[erlang-questions] R13B02 on 8/16 core box: all TCP communication hangs/frozen

Thu Nov 19 03:56:21 CET 2009

Luke Gorrie <luke@REDACTED> wrote:

lg> I suppose you knew the risk of idle speculation from the peanut
lg> gallery when you posted this to erlang-questions..

Yes, yes, though perhaps posting only an abridged message here on
erlang-questions was a mistake?  {shrug}

lg> Can you clarify the timeline? First event (time T0) is foo@REDACTED being
lg> detected as "not responding" by its peers (i.e. doesn't answer TCP
lg> heartbeat) and second event is seeing that the emulator is totally
lg> wedged (time T1). Is it two days between T0 and T1?

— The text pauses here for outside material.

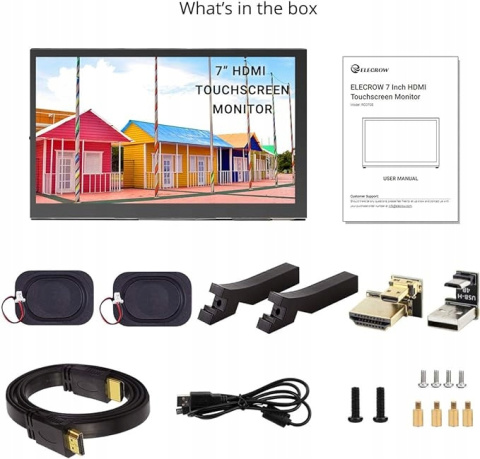 ELECROW Raspberry Pi wyświetlacz, 7-calowy ekran dotykowy 1024 × 600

More like 2 seconds, or less maybe.

lg> lsof shows not many open files / nothing scary.

... except that it should have had many more.  The weird thing is that
"lsof" didn't know how to identify the last dozen or so fds.  There
isn't an "lsof" package vs. kernel mismatch, I wonder if the app did a
legitimate system call (but not close(2)) that managed to put those fds
in a state where "lsof" can't decypher the kernel's data structures.

lg> gdb shows the first thread in select() and the rest blocking on a
lg> pthreads event. Consistent with (a) normal operation (b) deadlock
lg> inside the emulator (c) screwed up file descriptor set or timeout in
lg> select(). I suppose (c) at least could be ruled out with gdb'ery.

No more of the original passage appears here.